The answer should consist of every record, reproduced exactly.

[Opening Records to use section]

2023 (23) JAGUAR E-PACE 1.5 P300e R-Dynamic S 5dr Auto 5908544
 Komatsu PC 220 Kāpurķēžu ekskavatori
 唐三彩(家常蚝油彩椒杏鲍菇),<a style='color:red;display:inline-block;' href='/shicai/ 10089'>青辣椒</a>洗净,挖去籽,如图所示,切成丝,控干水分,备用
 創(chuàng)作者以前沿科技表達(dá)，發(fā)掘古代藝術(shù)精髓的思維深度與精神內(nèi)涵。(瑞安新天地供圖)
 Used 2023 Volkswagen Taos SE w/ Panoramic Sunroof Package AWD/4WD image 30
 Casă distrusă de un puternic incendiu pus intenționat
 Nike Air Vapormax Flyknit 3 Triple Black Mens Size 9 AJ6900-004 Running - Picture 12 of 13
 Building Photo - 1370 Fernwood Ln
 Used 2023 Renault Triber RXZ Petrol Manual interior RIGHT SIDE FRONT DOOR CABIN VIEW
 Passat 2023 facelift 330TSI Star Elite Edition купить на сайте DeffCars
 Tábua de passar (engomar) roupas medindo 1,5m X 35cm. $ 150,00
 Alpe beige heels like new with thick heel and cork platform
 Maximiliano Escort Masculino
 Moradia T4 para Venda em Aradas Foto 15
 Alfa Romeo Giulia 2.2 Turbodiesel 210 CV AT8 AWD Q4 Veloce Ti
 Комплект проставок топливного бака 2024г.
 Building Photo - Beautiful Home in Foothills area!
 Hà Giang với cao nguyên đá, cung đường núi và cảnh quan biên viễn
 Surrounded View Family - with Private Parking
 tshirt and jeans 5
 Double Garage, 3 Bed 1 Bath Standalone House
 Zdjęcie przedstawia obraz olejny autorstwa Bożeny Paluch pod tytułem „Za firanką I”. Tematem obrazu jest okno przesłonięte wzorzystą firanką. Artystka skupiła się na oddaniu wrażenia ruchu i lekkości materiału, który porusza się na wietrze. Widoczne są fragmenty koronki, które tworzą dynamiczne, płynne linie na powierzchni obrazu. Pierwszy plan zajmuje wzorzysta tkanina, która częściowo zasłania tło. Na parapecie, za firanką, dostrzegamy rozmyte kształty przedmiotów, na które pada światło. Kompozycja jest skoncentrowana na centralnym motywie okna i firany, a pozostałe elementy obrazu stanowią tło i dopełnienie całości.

[Closing Records to use section]

**Exercise answer:**
2023 (23) JAGUAR E-PACE 1.5 P300e R-Dynamic S 5dr Auto 5908544
 Komatsu PC 220 Kāpurķēžu ekskavatori
 唐三彩(家常蚝油彩椒杏鲍菇),<a style='color:red;display:inline-block;' href='/shicai/ 10089'>青辣椒</a>洗净,挖去籽,如图所示,切成丝,控干水分,备用
 創(chuàng)作者以前沿科技表達(dá)，發(fā)掘古代藝術(shù)精髓的思維深度與精神內(nèi)涵。(瑞安新天地供圖)
 Used 2023 Volkswagen Taos SE w/ Panoramic Sunroof Package AWD/4WD image 30
 Casă distrusă de un puternic incendiu pus intenționat
 Nike Air Vapormax Flyknit 3 Triple Black Mens Size 9 AJ6900-004 Running - Picture 12 of 13
 Building Photo - 1370 Fernwood Ln
 Used 2023 Renault Triber RXZ Petrol Manual interior RIGHT SIDE FRONT DOOR CABIN VIEW
 Passat 2023 facelift 330TSI Star Elite Edition купить на сайте DeffCars
 Tábua de passar (engomar) roupas medindo 1,5m X 35cm. $ 150,00
 Alpe beige heels like new with thick heel and cork platform
 Maximiliano Escort Masculino
 Moradia T4 para Venda em Aradas Foto 15
 Alfa Romeo Giulia 2.2 Turbodiesel 210 CV AT8 AWD Q4 Veloce Ti
 Комплект проставок топливного бака 2024г.
 Building Photo - Beautiful Home in Foothills area!
 Hà Giang với cao nguyên đá, cung đường núi và cảnh quan biên viễn
 Surrounded View Family - with Private Parking
 tshirt and jeans 5
 Double Garage, 3 Bed 1 Bath Standalone House
 Zdjęcie przedstawia obraz olejny autorstwa Bożeny Paluch pod tytułem „Za firanką I”. Tematem obrazu jest okno przesłonięte wzorzystą firanką. Artystka skupiła się na oddaniu wrażenia ruchu i lekkości materiału, który porusza się na wietrze. Widoczne są fragmenty koronki, które tworzą dynamiczne, płynne linie na powierzchni obrazu. Pierwszy plan zajmuje wzorzysta tkanina, która częściowo zasłania tło. Na parapecie, za firanką, dostrzegamy rozmyte kształty przedmiotów, na które pada światło. Kompozycja jest skoncentrowana na centralnym motywie okna i firany, a pozostałe elementy obrazu stanowią tło i dopełnienie całości.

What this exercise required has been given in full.